§ **What you have to do**: The listing below should be written out word for word, with its pictures removed.

§ **Data**:
::::
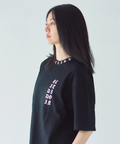 JACKROSE(ジャックローズ) |GA Color 刺繍&Print S/S Tee(MENS)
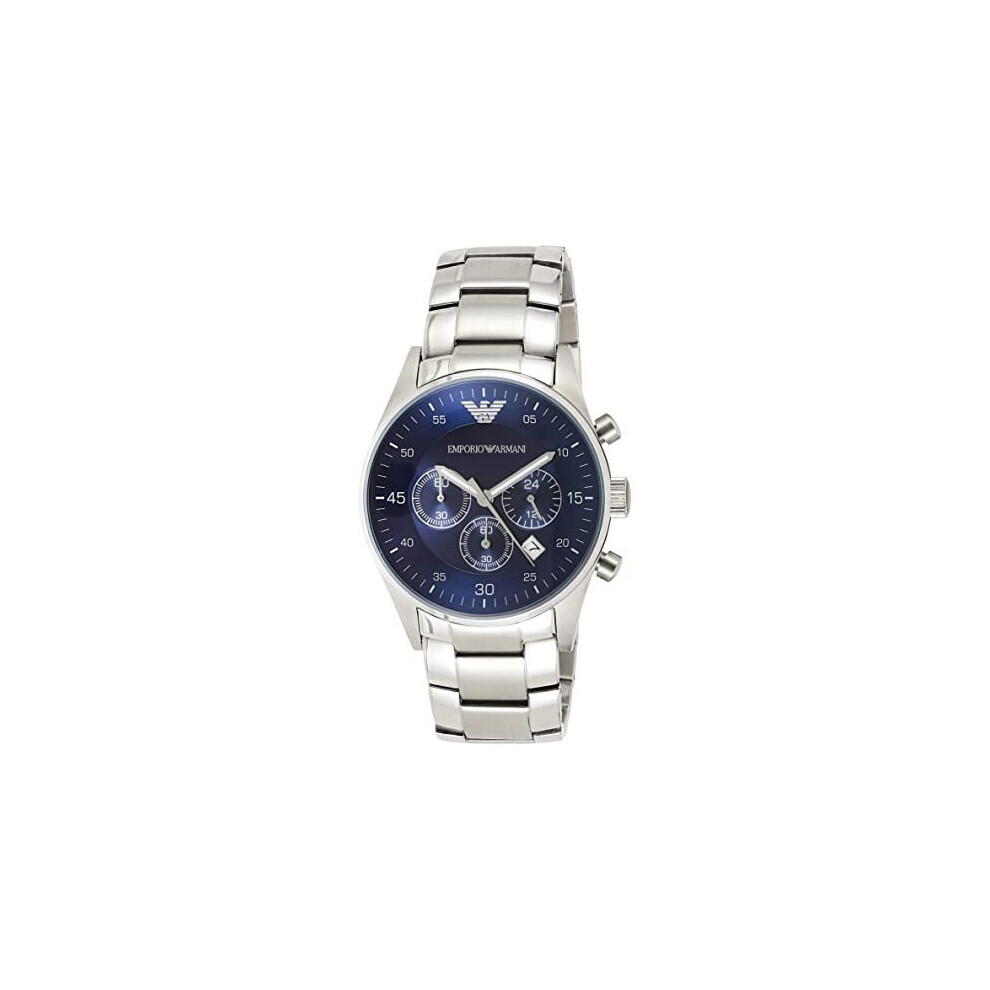 Armani Emporio Ar5860 Men's Watch Chronograph,New With Tags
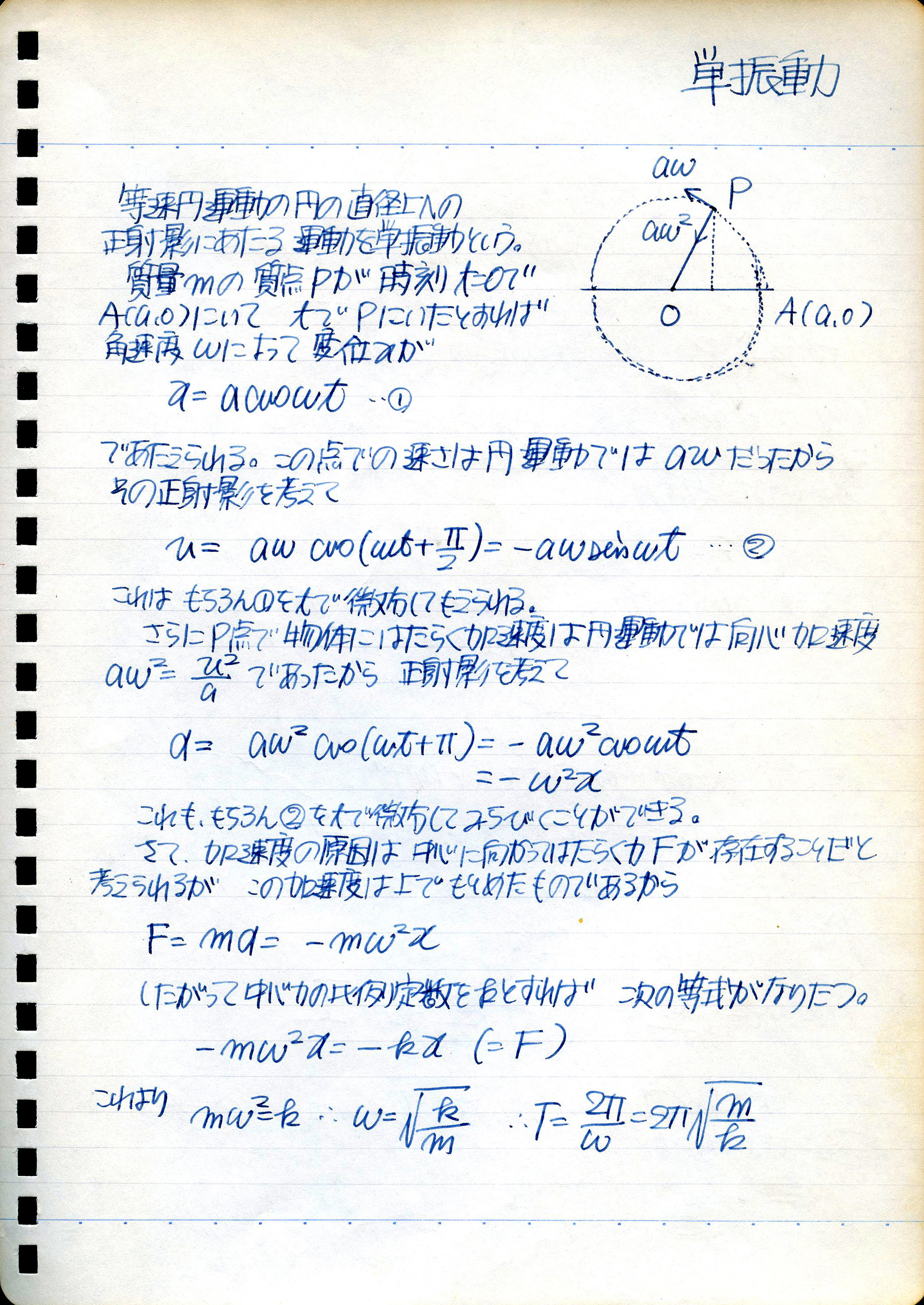 理系での まとめノーを使った効率の良い勉強方法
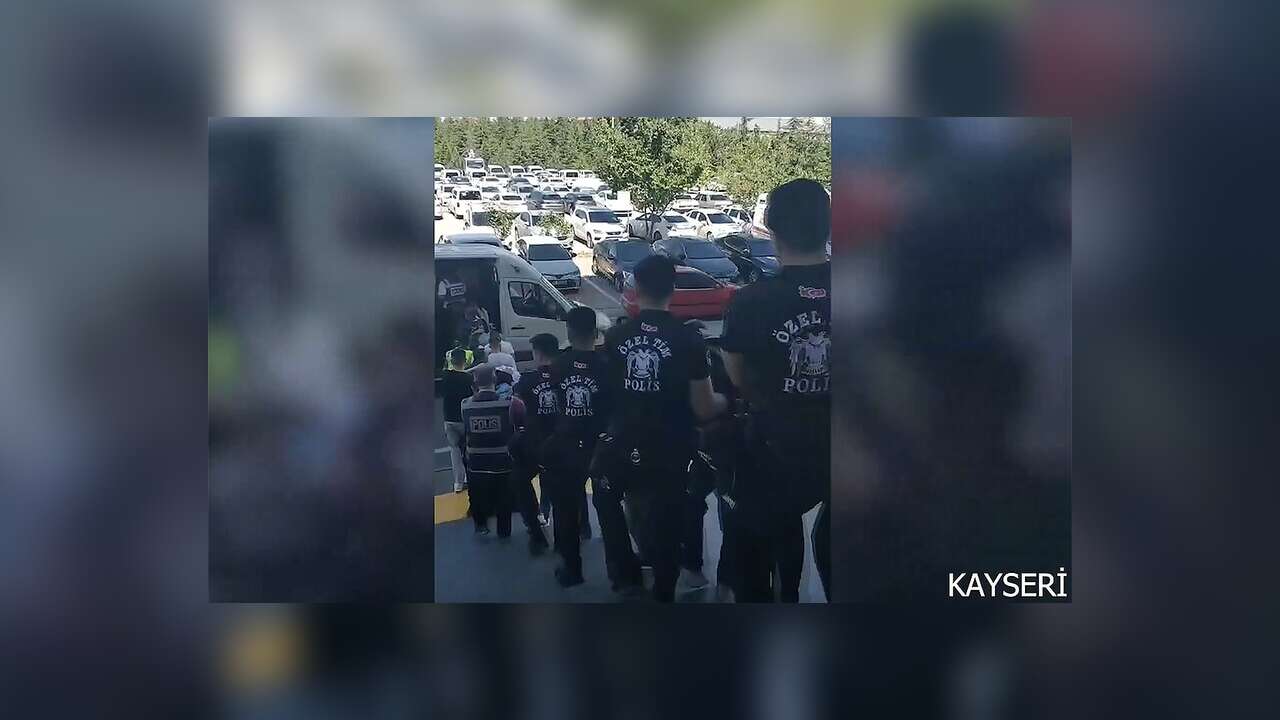Kayseri merkezli 6 İlde uyuşturucu operasyonu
::::
§ **Expected output**:
 JACKROSE(ジャックローズ) |GA Color 刺繍&Print S/S Tee(MENS)
 Armani Emporio Ar5860 Men's Watch Chronograph,New With Tags
 理系での まとめノーを使った効率の良い勉強方法
Kayseri merkezli 6 İlde uyuşturucu operasyonu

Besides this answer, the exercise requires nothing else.